Defence partnerships and continued export control concerns
The raise also includes major investments from defence players like Lockheed Martin Ventures, reflecting the growing importance of quantum technology in national security.
However, this has also been a point of contention for the Australian quantum sector this year.
The introduction of stricter export controls in Australia as part of the AUKUS alliance has complicated quantum technology development.
These controls place heavy restrictions on the transfer of quantum-related technologies, not only across borders but also within Australia.
One of the key challenges is that companies like Q-CTRL must ensure compliance even when sharing information with team members of different nationalities based on Australian soil.
This means that an export control violation can occur if quantum technology information is shared with non-Australian employees, even if they are working within the country. This can be something as simple as sharing a document or a link to a drive.
As a result, navigating these regulations has become particularly burdensome, creating legal risks that can slow down innovation and complicate international partnerships.
Biercuk has been vocal about the ongoing regulatory concerns in Australia, particularly the strict penalties associated with quantum export violations.
“The export controls punishment regime is so crazy, we view it as a risk to our staff… team members are individually facing 10-year criminal penalties for a mistake,” says Biercuk.
It’s worth noting that no criminal defence is allowed in these circumstances. The stress of this is taking its toll on the Q-CTRL team.
“It’s causing paralysis in our teams. Nobody makes good decisions with a gun to their head,” Biercuk says.
He emphasised the company is not opposed to regulation or a financial penalty, but it takes issue with the threat of jail time.
“We don’t want to break the rules. We’re trying our hardest, but people make mistakes. And a mistake that carries a 10-year potential sentence is unjust,” says Biercuk.
“One of our core values is to be just at Q-CTRL and we simply do not think this aligns, and that causes us tremendous concern.”
The risks posed by these controls have forced Q-CTRL to move parts of its business offshore, setting up operations in Los Angeles to protect its staff from the uncertainty surrounding Australian regulations.
“We saw the writing on the wall that this was happening,” Biercuk says.
“In an area where we’re developing new technology, we’re building things that might eventually cross the thresholds, that might enable a third party to cross the control thresholds.
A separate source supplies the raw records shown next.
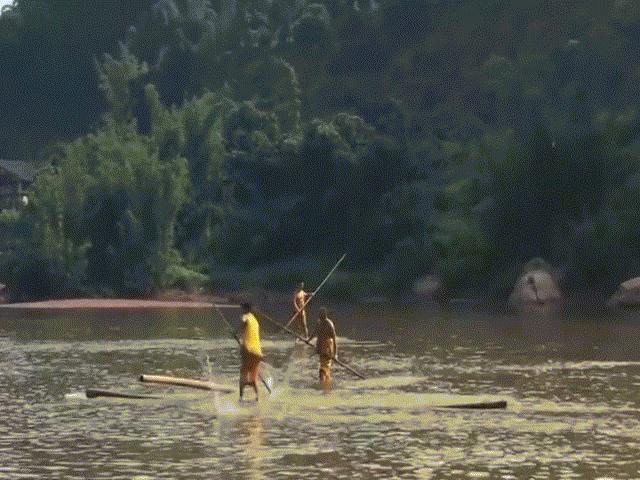 Media - Di chuyển qua sông bằng thanh tre như những "cao thủ võ lâm"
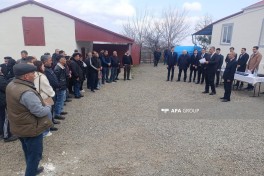 Azerbaijan sends first resettlement convoy to Khanoba village of Khojavend, families receive house keys -UPDATED  -PHOTO 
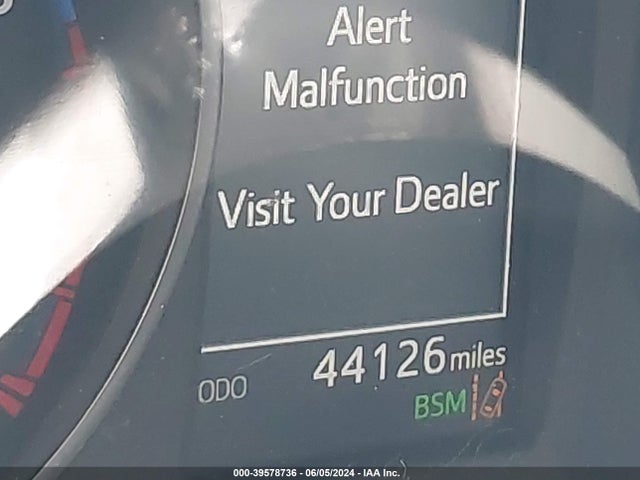 Toyota Rav4 Xle 2018 JTMRFREV6JJ260509 Image 15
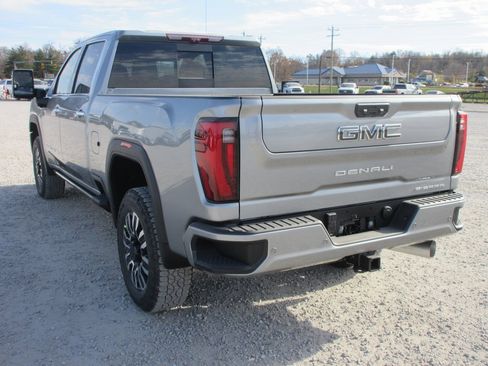 New 2026 GMC Sierra 2500 Denali Ultimate image 9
Because of that, there’s so much uncertainty as to at any point whether what we are building is controlled or not.”
Biercuk also highlights the broader implications these penalties could have on the quantum industry in Australia.
The complexity and severity of the current framework could make it difficult to attract and retain talent, while this regulatory uncertainty could also affect Australia’s ability to compete on the global stage.
This would be particularly unfortunate given that the federal government launched a national quantum strategy ahead of the 2023 budget.
Since then, it has participated in an almost billion investment into Psi-Quantum, as well as launched an $18.5 million quantum grant program, as well as another $36 million program for early-stage quantum startups.
As Q-CTRL continues to grow off the back of this fresh capital injection, navigating this complex regulatory environment will remain a key focus for the business.
“We continue to work cooperatively and constructively with parts of the government to make changes that are simple, that maintain the spirit and intent of the law, but mitigate these concerns prior to the penalty regime coming into force in March,” says Biercuk.